■ Exercise brief ■
Search each line below for the word "Mile" and list those that contain it.

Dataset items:
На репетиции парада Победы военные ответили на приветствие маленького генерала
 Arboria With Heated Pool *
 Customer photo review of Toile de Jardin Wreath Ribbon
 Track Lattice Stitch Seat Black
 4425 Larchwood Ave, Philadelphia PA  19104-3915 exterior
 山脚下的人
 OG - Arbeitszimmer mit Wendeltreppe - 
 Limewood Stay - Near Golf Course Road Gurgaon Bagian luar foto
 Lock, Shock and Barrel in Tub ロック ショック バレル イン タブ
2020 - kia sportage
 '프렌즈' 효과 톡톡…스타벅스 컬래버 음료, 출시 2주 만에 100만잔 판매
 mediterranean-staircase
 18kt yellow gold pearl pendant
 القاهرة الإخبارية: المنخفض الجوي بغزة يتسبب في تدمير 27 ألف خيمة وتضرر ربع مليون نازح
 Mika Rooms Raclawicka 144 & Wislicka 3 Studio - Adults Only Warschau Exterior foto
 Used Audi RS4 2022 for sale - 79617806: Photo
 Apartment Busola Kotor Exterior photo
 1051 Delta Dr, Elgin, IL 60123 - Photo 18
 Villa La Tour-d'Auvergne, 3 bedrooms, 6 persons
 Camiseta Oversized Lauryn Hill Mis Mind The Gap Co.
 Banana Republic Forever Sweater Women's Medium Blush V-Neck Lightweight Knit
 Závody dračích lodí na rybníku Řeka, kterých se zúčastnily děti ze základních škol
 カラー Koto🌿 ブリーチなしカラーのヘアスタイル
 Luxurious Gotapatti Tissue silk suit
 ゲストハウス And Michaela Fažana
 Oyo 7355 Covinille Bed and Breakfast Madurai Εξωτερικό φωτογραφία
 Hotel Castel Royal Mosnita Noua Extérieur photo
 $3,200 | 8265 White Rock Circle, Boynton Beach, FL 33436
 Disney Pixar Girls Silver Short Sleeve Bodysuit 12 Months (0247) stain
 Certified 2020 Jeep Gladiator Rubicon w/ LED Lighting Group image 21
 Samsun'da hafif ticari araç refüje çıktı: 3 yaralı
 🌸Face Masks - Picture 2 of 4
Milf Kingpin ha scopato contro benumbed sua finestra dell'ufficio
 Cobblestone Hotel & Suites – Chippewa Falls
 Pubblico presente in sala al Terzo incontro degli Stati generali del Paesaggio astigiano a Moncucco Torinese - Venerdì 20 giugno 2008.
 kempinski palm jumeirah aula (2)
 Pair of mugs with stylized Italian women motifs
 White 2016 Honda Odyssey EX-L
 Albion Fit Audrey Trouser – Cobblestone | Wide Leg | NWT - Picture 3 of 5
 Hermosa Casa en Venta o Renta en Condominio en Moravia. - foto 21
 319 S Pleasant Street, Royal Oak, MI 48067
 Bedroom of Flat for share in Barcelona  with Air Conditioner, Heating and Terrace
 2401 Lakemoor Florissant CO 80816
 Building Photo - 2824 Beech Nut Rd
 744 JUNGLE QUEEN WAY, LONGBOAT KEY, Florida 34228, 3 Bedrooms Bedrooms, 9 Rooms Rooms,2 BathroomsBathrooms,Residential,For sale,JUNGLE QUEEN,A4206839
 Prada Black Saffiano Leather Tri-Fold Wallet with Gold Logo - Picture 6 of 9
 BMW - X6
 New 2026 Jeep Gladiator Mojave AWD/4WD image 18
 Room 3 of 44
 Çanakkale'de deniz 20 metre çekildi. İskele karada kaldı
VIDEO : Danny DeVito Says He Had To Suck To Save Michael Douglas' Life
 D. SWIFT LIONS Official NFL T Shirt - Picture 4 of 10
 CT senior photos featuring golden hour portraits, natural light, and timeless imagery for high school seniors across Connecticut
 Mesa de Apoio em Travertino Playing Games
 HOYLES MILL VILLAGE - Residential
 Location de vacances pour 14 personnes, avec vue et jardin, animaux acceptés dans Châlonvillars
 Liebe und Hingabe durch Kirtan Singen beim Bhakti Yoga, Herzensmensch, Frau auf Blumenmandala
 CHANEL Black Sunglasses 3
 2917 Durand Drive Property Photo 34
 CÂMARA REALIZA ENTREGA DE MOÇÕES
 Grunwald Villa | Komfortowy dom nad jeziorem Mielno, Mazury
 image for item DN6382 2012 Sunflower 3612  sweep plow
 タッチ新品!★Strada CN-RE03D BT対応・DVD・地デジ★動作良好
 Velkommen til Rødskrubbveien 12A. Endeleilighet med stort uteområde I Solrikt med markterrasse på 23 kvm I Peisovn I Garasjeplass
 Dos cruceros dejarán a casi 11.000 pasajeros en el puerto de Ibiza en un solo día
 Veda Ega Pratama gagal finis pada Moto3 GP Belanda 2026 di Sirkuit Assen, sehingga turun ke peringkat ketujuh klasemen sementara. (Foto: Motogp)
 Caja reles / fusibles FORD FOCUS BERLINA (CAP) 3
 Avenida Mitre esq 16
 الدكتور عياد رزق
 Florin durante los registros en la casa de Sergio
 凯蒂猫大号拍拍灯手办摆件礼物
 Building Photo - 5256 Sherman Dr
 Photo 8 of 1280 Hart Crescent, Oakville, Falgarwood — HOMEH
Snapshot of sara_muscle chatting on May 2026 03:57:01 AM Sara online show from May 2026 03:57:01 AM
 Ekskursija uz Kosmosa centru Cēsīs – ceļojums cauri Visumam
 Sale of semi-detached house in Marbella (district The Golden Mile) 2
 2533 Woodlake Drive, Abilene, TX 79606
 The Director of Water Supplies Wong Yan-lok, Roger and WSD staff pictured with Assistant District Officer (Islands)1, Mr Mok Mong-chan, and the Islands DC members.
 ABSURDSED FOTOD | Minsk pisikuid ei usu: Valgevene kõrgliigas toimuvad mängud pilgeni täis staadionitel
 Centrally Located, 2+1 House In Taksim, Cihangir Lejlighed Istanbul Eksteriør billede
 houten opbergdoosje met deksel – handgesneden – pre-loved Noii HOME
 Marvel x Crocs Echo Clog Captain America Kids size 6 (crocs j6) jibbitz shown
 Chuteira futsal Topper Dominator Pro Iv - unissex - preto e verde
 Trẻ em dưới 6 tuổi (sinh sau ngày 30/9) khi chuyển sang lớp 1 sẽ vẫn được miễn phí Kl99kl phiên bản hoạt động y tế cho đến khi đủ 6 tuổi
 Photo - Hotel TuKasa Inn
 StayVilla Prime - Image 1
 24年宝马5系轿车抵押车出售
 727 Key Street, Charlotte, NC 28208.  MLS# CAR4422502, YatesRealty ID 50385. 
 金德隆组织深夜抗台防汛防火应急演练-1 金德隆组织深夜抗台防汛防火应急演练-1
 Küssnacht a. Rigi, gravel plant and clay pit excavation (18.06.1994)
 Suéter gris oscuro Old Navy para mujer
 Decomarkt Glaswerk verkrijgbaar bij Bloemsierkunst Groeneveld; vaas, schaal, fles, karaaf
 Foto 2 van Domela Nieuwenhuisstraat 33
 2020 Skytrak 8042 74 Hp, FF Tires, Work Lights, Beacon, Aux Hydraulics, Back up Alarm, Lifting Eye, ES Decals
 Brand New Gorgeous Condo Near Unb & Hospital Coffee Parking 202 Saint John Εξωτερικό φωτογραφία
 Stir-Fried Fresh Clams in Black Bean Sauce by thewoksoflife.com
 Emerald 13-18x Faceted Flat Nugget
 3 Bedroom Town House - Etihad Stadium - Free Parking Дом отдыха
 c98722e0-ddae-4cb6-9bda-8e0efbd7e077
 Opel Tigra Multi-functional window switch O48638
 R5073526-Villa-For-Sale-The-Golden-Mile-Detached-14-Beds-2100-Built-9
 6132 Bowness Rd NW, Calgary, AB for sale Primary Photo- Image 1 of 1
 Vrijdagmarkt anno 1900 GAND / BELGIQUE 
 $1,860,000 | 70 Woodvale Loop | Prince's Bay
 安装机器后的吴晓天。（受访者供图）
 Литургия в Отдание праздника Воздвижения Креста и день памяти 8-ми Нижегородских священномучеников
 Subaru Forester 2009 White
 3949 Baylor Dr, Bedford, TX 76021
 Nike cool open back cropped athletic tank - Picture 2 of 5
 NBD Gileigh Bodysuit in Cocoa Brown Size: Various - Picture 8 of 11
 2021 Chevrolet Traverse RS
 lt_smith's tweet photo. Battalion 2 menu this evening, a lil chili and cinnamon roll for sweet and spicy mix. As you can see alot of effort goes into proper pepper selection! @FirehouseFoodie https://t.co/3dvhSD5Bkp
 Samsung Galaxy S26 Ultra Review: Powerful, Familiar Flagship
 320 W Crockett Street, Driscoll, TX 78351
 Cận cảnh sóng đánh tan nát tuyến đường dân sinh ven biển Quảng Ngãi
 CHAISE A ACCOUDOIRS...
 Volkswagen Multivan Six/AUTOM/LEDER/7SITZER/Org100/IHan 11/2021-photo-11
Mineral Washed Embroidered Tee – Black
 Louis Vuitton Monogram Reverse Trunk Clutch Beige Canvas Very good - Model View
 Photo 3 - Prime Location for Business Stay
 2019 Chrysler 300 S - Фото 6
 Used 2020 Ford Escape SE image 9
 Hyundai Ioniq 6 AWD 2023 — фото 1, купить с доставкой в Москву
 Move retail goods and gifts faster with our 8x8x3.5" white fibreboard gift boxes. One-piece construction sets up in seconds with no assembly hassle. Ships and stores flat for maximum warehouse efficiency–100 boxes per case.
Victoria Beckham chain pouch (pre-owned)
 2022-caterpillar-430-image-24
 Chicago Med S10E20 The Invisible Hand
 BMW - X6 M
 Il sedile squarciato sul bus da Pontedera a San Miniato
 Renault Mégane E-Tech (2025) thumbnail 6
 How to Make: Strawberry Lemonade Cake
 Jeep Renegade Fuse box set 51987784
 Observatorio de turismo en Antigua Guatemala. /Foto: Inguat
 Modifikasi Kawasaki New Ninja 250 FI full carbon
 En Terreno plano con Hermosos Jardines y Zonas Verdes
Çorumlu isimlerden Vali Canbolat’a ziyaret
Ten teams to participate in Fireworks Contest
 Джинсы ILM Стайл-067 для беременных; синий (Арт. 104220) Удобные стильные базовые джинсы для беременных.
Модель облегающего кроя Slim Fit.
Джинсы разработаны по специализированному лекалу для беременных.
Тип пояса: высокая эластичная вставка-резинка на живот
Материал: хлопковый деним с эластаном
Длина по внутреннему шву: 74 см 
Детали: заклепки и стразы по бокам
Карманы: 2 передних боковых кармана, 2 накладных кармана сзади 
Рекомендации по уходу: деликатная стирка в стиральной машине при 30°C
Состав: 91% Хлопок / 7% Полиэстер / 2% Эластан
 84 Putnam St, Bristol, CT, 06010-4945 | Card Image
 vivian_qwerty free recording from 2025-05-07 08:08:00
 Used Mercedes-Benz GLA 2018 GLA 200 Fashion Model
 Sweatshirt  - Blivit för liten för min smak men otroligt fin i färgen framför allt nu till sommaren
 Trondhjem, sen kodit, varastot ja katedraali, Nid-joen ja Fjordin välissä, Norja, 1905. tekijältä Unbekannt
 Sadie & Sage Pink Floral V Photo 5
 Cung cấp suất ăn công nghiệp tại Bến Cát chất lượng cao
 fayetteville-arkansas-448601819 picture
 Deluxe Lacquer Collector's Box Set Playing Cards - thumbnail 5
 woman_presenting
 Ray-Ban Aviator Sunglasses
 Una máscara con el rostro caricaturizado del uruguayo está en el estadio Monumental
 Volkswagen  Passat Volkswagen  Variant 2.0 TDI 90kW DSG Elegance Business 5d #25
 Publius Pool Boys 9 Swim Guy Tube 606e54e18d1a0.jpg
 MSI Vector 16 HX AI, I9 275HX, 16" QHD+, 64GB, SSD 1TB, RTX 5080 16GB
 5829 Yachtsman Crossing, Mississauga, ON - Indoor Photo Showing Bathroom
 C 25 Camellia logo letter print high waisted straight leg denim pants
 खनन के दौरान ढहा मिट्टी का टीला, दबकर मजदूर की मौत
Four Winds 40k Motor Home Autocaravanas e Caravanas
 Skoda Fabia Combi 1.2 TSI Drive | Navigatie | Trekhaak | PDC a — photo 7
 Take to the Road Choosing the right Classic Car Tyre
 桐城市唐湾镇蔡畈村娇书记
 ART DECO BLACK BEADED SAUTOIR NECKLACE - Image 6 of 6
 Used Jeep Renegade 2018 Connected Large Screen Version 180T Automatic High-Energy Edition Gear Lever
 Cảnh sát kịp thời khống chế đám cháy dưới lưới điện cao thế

■ Completed task ■
 Sale of semi-detached house in Marbella (district The Golden Mile) 2
 R5073526-Villa-For-Sale-The-Golden-Mile-Detached-14-Beds-2100-Built-9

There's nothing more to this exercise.